■ ABOUT THIS TASK ■
Each entry below needs to be retyped exactly as given.

■ EXERCISE MATERIAL ■
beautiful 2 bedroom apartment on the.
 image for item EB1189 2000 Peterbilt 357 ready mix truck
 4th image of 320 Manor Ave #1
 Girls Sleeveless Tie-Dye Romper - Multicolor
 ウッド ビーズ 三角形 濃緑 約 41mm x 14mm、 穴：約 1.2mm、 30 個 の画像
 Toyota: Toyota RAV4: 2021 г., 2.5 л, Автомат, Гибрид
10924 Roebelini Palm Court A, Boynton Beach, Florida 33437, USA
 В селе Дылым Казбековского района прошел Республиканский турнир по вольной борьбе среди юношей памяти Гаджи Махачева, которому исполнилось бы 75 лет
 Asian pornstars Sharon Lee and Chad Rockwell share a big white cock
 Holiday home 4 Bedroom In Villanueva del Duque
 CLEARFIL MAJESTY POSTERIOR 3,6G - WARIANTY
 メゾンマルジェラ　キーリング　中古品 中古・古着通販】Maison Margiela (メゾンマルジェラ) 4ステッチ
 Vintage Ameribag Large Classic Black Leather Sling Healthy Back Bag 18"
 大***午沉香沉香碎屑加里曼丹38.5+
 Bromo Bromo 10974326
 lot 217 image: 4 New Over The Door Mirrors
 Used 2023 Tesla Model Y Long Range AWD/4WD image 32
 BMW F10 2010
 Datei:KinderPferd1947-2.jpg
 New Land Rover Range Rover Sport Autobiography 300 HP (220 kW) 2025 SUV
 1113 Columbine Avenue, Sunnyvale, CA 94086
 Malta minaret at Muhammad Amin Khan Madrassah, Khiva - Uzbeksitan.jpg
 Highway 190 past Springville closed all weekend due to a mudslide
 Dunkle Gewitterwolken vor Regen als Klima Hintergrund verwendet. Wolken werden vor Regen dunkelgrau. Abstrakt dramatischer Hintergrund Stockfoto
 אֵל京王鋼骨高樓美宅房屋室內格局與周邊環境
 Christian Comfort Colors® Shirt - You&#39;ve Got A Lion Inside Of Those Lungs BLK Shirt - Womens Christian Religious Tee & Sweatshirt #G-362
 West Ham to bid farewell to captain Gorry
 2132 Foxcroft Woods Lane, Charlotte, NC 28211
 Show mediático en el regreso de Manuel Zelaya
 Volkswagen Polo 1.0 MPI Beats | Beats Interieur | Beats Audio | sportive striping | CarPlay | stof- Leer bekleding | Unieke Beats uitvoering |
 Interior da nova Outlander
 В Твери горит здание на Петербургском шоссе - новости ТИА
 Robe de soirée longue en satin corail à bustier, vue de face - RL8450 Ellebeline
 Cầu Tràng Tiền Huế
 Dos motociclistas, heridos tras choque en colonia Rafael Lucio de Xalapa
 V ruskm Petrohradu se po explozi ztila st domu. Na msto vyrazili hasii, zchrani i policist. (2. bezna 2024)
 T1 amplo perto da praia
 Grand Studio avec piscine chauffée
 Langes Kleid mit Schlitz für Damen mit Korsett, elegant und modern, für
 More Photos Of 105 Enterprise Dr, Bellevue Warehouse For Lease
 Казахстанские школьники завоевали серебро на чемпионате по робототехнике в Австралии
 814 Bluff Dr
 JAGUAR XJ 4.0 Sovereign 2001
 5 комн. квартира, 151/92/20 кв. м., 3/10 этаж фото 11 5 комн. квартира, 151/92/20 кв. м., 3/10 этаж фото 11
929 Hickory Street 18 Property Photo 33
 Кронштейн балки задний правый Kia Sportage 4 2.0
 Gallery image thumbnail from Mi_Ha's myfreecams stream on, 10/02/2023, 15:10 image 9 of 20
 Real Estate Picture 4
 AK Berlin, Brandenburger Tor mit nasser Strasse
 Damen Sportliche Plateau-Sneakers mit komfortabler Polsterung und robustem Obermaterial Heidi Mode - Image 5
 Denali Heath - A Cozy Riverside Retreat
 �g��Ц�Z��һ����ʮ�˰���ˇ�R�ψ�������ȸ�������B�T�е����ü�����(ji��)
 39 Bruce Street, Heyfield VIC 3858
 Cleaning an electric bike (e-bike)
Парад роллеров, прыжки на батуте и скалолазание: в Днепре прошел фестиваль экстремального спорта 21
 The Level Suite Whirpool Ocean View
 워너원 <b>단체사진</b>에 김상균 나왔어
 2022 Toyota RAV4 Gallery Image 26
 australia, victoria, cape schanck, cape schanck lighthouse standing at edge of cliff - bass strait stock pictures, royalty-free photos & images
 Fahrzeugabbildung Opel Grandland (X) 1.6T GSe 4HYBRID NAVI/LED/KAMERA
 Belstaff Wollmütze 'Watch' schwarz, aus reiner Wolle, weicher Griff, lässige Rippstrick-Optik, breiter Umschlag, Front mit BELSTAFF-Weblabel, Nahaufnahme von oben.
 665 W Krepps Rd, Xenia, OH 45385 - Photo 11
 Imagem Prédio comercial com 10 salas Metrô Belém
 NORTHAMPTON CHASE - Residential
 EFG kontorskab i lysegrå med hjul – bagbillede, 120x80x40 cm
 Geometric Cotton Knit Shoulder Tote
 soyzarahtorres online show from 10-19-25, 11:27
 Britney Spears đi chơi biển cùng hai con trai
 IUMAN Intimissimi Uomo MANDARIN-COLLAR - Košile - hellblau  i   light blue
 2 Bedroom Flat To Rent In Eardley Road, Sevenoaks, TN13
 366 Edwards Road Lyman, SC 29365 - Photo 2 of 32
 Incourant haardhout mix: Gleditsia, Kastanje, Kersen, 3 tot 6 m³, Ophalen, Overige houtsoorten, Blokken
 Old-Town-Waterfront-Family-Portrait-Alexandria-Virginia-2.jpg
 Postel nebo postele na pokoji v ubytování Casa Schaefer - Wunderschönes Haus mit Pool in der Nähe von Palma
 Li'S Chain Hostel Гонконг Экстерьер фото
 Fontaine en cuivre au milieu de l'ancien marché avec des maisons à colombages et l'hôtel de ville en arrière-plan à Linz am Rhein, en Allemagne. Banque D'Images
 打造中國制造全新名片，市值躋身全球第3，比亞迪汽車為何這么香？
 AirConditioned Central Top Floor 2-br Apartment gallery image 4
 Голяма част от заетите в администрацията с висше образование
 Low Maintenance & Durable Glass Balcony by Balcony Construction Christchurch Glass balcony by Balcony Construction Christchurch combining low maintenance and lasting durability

■ SOLVED EXERCISE ■
beautiful 2 bedroom apartment on the.
 image for item EB1189 2000 Peterbilt 357 ready mix truck
 4th image of 320 Manor Ave #1
 Girls Sleeveless Tie-Dye Romper - Multicolor
 ウッド ビーズ 三角形 濃緑 約 41mm x 14mm、 穴：約 1.2mm、 30 個 の画像
 Toyota: Toyota RAV4: 2021 г., 2.5 л, Автомат, Гибрид
10924 Roebelini Palm Court A, Boynton Beach, Florida 33437, USA
 В селе Дылым Казбековского района прошел Республиканский турнир по вольной борьбе среди юношей памяти Гаджи Махачева, которому исполнилось бы 75 лет
 Asian pornstars Sharon Lee and Chad Rockwell share a big white cock
 Holiday home 4 Bedroom In Villanueva del Duque
 CLEARFIL MAJESTY POSTERIOR 3,6G - WARIANTY
 メゾンマルジェラ　キーリング　中古品 中古・古着通販】Maison Margiela (メゾンマルジェラ) 4ステッチ
 Vintage Ameribag Large Classic Black Leather Sling Healthy Back Bag 18"
 大***午沉香沉香碎屑加里曼丹38.5+
 Bromo Bromo 10974326
 lot 217 image: 4 New Over The Door Mirrors
 Used 2023 Tesla Model Y Long Range AWD/4WD image 32
 BMW F10 2010
 Datei:KinderPferd1947-2.jpg
 New Land Rover Range Rover Sport Autobiography 300 HP (220 kW) 2025 SUV
 1113 Columbine Avenue, Sunnyvale, CA 94086
 Malta minaret at Muhammad Amin Khan Madrassah, Khiva - Uzbeksitan.jpg
 Highway 190 past Springville closed all weekend due to a mudslide
 Dunkle Gewitterwolken vor Regen als Klima Hintergrund verwendet. Wolken werden vor Regen dunkelgrau. Abstrakt dramatischer Hintergrund Stockfoto
 אֵל京王鋼骨高樓美宅房屋室內格局與周邊環境
 Christian Comfort Colors® Shirt - You&#39;ve Got A Lion Inside Of Those Lungs BLK Shirt - Womens Christian Religious Tee & Sweatshirt #G-362
 West Ham to bid farewell to captain Gorry
 2132 Foxcroft Woods Lane, Charlotte, NC 28211
 Show mediático en el regreso de Manuel Zelaya
 Volkswagen Polo 1.0 MPI Beats | Beats Interieur | Beats Audio | sportive striping | CarPlay | stof- Leer bekleding | Unieke Beats uitvoering |
 Interior da nova Outlander
 В Твери горит здание на Петербургском шоссе - новости ТИА
 Robe de soirée longue en satin corail à bustier, vue de face - RL8450 Ellebeline
 Cầu Tràng Tiền Huế
 Dos motociclistas, heridos tras choque en colonia Rafael Lucio de Xalapa
 V ruskm Petrohradu se po explozi ztila st domu. Na msto vyrazili hasii, zchrani i policist. (2. bezna 2024)
 T1 amplo perto da praia
 Grand Studio avec piscine chauffée
 Langes Kleid mit Schlitz für Damen mit Korsett, elegant und modern, für
 More Photos Of 105 Enterprise Dr, Bellevue Warehouse For Lease
 Казахстанские школьники завоевали серебро на чемпионате по робототехнике в Австралии
 814 Bluff Dr
 JAGUAR XJ 4.0 Sovereign 2001
 5 комн. квартира, 151/92/20 кв. м., 3/10 этаж фото 11 5 комн. квартира, 151/92/20 кв. м., 3/10 этаж фото 11
929 Hickory Street 18 Property Photo 33
 Кронштейн балки задний правый Kia Sportage 4 2.0
 Gallery image thumbnail from Mi_Ha's myfreecams stream on, 10/02/2023, 15:10 image 9 of 20
 Real Estate Picture 4
 AK Berlin, Brandenburger Tor mit nasser Strasse
 Damen Sportliche Plateau-Sneakers mit komfortabler Polsterung und robustem Obermaterial Heidi Mode - Image 5
 Denali Heath - A Cozy Riverside Retreat
 �g��Ц�Z��һ����ʮ�˰���ˇ�R�ψ�������ȸ�������B�T�е����ü�����(ji��)
 39 Bruce Street, Heyfield VIC 3858
 Cleaning an electric bike (e-bike)
Парад роллеров, прыжки на батуте и скалолазание: в Днепре прошел фестиваль экстремального спорта 21
 The Level Suite Whirpool Ocean View
 워너원 <b>단체사진</b>에 김상균 나왔어
 2022 Toyota RAV4 Gallery Image 26
 australia, victoria, cape schanck, cape schanck lighthouse standing at edge of cliff - bass strait stock pictures, royalty-free photos & images
 Fahrzeugabbildung Opel Grandland (X) 1.6T GSe 4HYBRID NAVI/LED/KAMERA
 Belstaff Wollmütze 'Watch' schwarz, aus reiner Wolle, weicher Griff, lässige Rippstrick-Optik, breiter Umschlag, Front mit BELSTAFF-Weblabel, Nahaufnahme von oben.
 665 W Krepps Rd, Xenia, OH 45385 - Photo 11
 Imagem Prédio comercial com 10 salas Metrô Belém
 NORTHAMPTON CHASE - Residential
 EFG kontorskab i lysegrå med hjul – bagbillede, 120x80x40 cm
 Geometric Cotton Knit Shoulder Tote
 soyzarahtorres online show from 10-19-25, 11:27
 Britney Spears đi chơi biển cùng hai con trai
 IUMAN Intimissimi Uomo MANDARIN-COLLAR - Košile - hellblau  i   light blue
 2 Bedroom Flat To Rent In Eardley Road, Sevenoaks, TN13
 366 Edwards Road Lyman, SC 29365 - Photo 2 of 32
 Incourant haardhout mix: Gleditsia, Kastanje, Kersen, 3 tot 6 m³, Ophalen, Overige houtsoorten, Blokken
 Old-Town-Waterfront-Family-Portrait-Alexandria-Virginia-2.jpg
 Postel nebo postele na pokoji v ubytování Casa Schaefer - Wunderschönes Haus mit Pool in der Nähe von Palma
 Li'S Chain Hostel Гонконг Экстерьер фото
 Fontaine en cuivre au milieu de l'ancien marché avec des maisons à colombages et l'hôtel de ville en arrière-plan à Linz am Rhein, en Allemagne. Banque D'Images
 打造中國制造全新名片，市值躋身全球第3，比亞迪汽車為何這么香？
 AirConditioned Central Top Floor 2-br Apartment gallery image 4
 Голяма част от заетите в администрацията с висше образование
 Low Maintenance & Durable Glass Balcony by Balcony Construction Christchurch Glass balcony by Balcony Construction Christchurch combining low maintenance and lasting durability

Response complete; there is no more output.